From 2018 to 2020 he was Chief Specialist of the Department of Medical Care Organization of the Main Department of Medical Care, Expertise, Appeals of Citizens and Legal Entities of the Ministry of Health. Afterward, from 2020 to 2021, he was the Chief Specialist of the Department of Specialized Medical Care of the Main Directorate of the Organization of Medical Care of the Ministry of Health, which also him the chief narcologist. In May 2021 he was appointed director of the Republican Scientific and Practical Center for Mental Health, which he held until his appointment to the post of Minister of Health. Around the same time he also became the chief freelance psychiatrist of the Ministry of Health. During his time there, he criticized the Western psychiatric treatment model where patients decide if they want medical service, and instead advocated for the state to immediately intervene.
== Political career ==
=== Minister of Health ===
On 25 January 2024, he was appointed Minister of Health of Belarus, succeeding Dmitry Pinevich.

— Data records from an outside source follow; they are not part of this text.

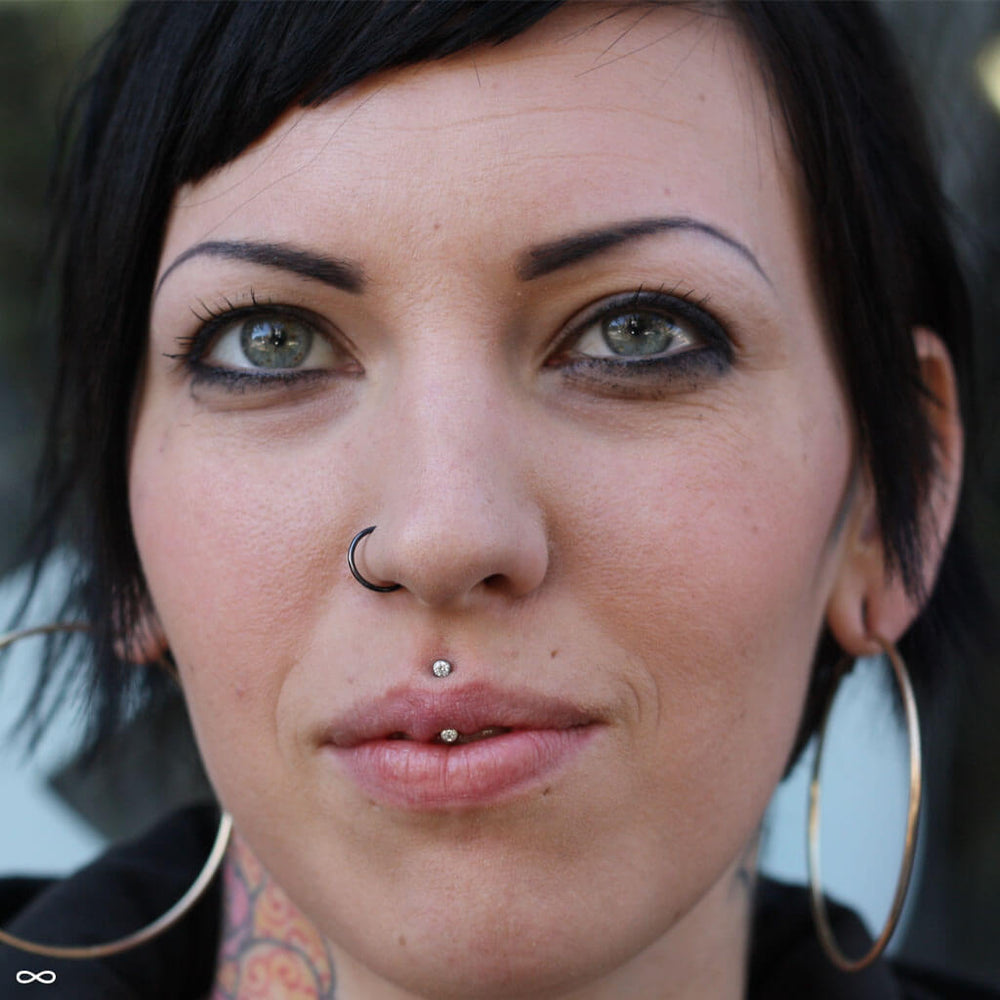 Vertical philtrum piercing by Andru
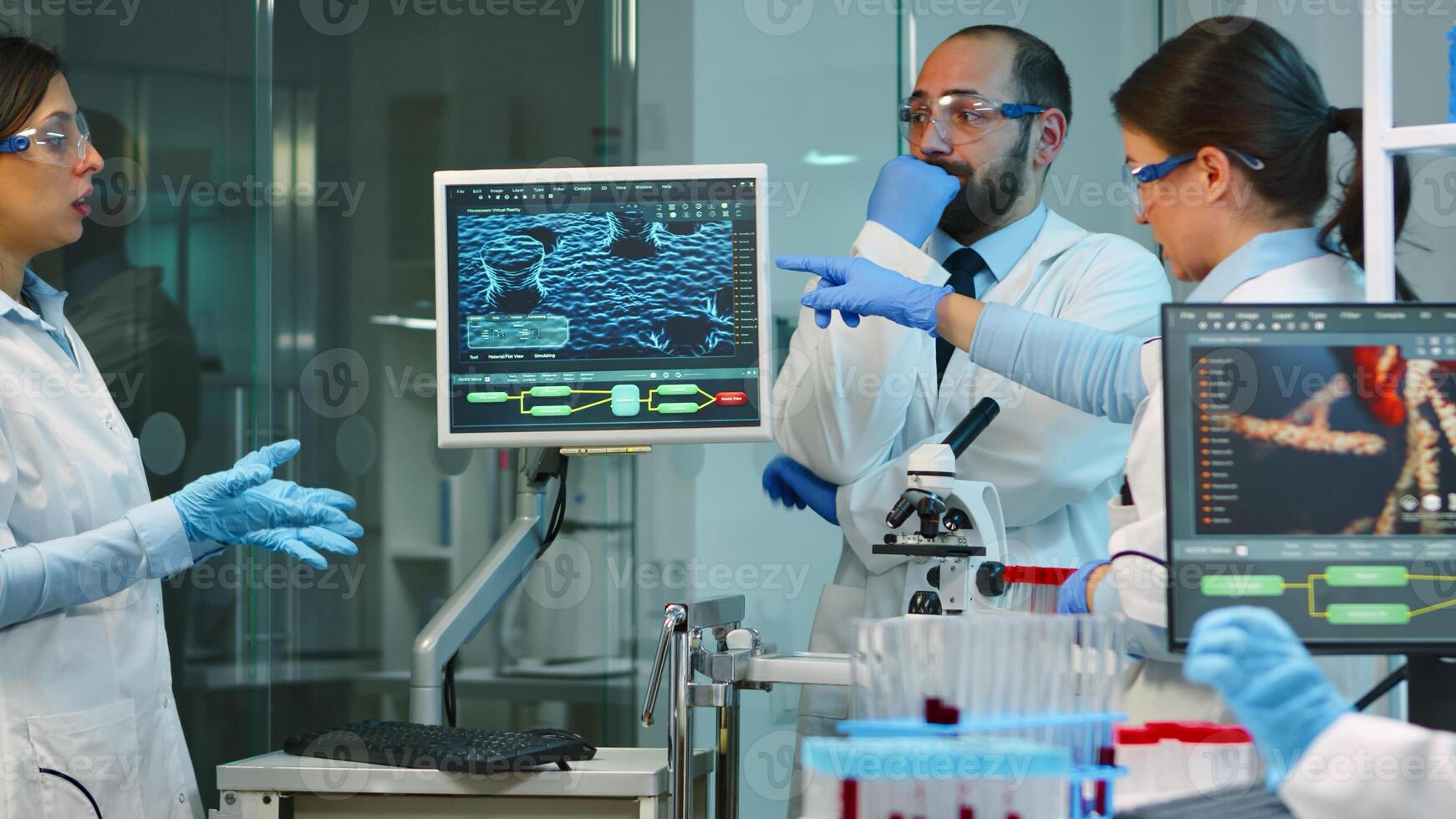 Team of medical researchers conducting vaccine development with help of high tech, test tubes, micropipette analysing results and planning next steps working at night in modern equipped laboratory photo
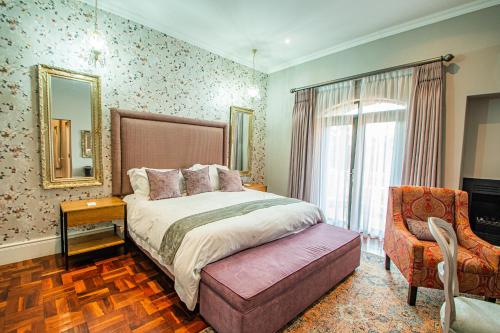a bedroom with a bed and a chair and a mirror at The Rasmus in Pretoria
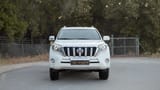 Used 2016 Toyota Prado VXR in White – Front View for Sale at First Choice Cars Dubai Sharjah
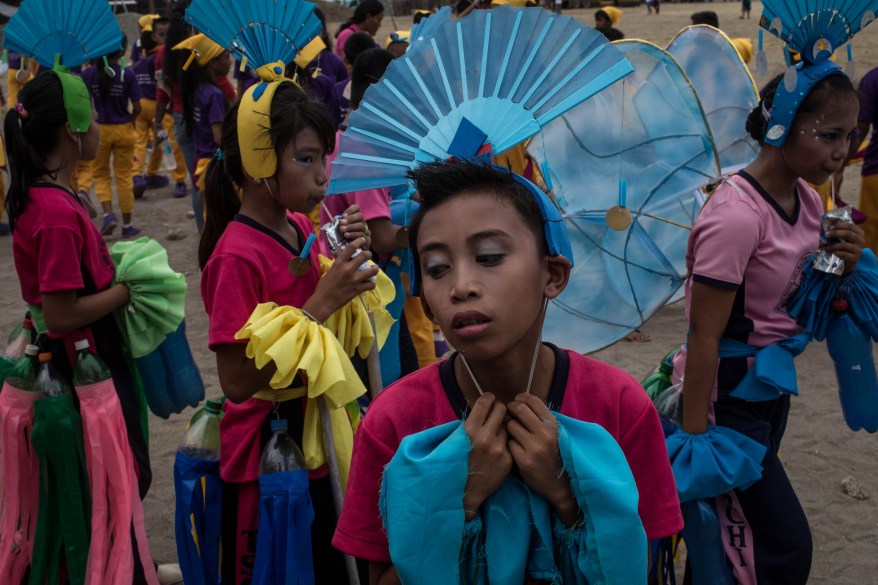 TANAUAN, LEYTE, PHILIPPINES - AUGUST 14: A students takes a break after performing during the Tanauan Fiesta, Pasaka Parade on August 14, 2014 in Tanauan, Leyte, Philippines. Residents of Tacloban city and the surrounding areas continue to focus on rebuilding their lives nine months after Typhoon Haiyan struck the coast on November 8, 2013, leaving more than 6000 dead and many more homeless. With many businesses and government operations back up and running and with the recent start of the years typhoon season, permanent housing continues to be the main focus with many families still living in temporary accommodation. As well as continuing recovery efforts Leyte is preparing for the arrival of Pope Francis, who will visit the region from January 15- 19. (Photo by Chris McGrath/Getty Images)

A major issue in 2024 was the shortage of doctors in Belarus, which had been a problem during Pinevich's tenure. To alleviate this, Khodjaev announced the cancellation of the reconfirmation of qualification categories for medical workers at retirement age in June 2024. In February 2025, Khodjaev announced there was a positive trend in personnel, stating that his ministry, in addition to the aforementioned tactic, streamlined vacancies and admission campaigns for medical universities. Independent medical organizations like ByMedSol and the Medical Solidarity Fund, however, reported the number of personnel remained about the same.

He also began to look outward to replace foreign manufacturers of medicine following the 2022 Russian invasion of Ukraine and subsequent sanctions, importing from manufacturers in Armenia, Russia, India, China, and Bangladesh. In September 2024 he signed a memorandum of cooperation with the Ministry of Health of Russia in the field of disaster medicine and also aimed at conducting joint educational and training events.

== Personal life ==
He is married to Alla Khodjaeva, a lawyer who works at ExportMegaTrans, a cargo transportation company. They live in the town of Lesnoy near Minsk.